Как моя мама убила прокурора района
КАК МОЯ МАМА УБИЛА ПРОКУРОРА РАЙОНА
Это было давно. В середине 20-го века.
Моей матери исполнилось 17 лет, она закончила строительный техникум и была направлена по распределению в казахские степи.
Распределили ее вместе с подругой. Они и не возражали. Надо, так надо.
Подруга её была девушка более опытная, уверенная в себе, жизнь понимала. Выглядела старше, хоть и были они одного возраста. Для меня она навсегда осталась — тетя Света.
По дороге они заехали к ней на родину, в город Куйбышев.
- Что творят?! Куда детей посылают?! Запричитали мамы, папы и многочисленные тетушки.
- Девчонок зекам на расправу отдавать. Не пущу! - сказала мама тети Светы. И не пустила.
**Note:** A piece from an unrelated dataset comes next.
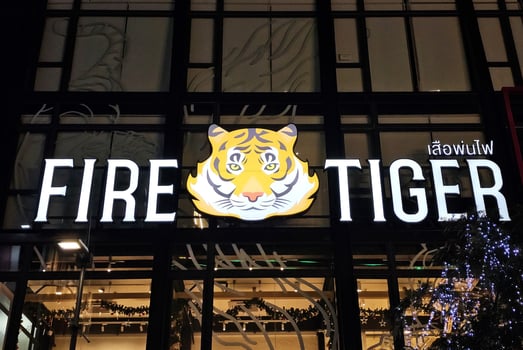 BANGKOK, THAILAND  DECEMBER 21, 2023 Fire Tiger sign. It is a famous bubble tea shops in Thailand. photo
Не знаю, что ей это стоило. Думаю, было не просто. Это были времена, когда вся страна ходила в форме, а девочки учились отдельно от мальчиков. Не хочешь ехать в Казахстан по распределению, поедешь под конвоем.
Но подруги не поехали. Родственники тети Светы каким-то образом поменяли им распределение на город Куйбышев, и пошли они работать в коммунальную систему города мастерами на жилищный участок, и даже недалеко от светиного дома.
Это было так здорово, ходить на работу, получать зарплату, быть независимой, быть взрослой.
Дедушка-начальник им всё объяснил, представил подчиненным. Жаль, не могу сейчас уточнить у матери, сколько этому дедушке лет было. Может 50, а может сорок. Для семнадцатилетних — это всё старики.
У мамы в подчинении оказались рабочие. Разные, как старые, все в наколках, так и молодые шестнадцатилетние пэтэушники. Мама, маленькая курносая несовершеннолетняя пигалица, к рабочим относилась с уважением, а они к ней с сочувствием. Правда, не работали, здоровье после лагерей берегли. Но мама не обижалась и сама восстанавливала жилой фонд бывшей Самары, своими силами и силами своих пэтэушников. Поскольку, как им зэки объяснили, работать должны молодые.
Война серьезно прошлась по городу на Волге. Дома сыпались, жить было негде.
Написал и задумался, но ведь войны-то в Куйбышеве не было. Это был глубокий тыл. Может мама гражданскую имела ввиду? А может мама имела ввиду потоки эвакуированных, которые прошли через эти дома волна за волной. В любом случае на восстановление после этих волн не выделялось ни единой досочки, ни гвоздя. И вот в начале 50-х о жилом фонде вспомнили. Тут и мама к месту пришлась.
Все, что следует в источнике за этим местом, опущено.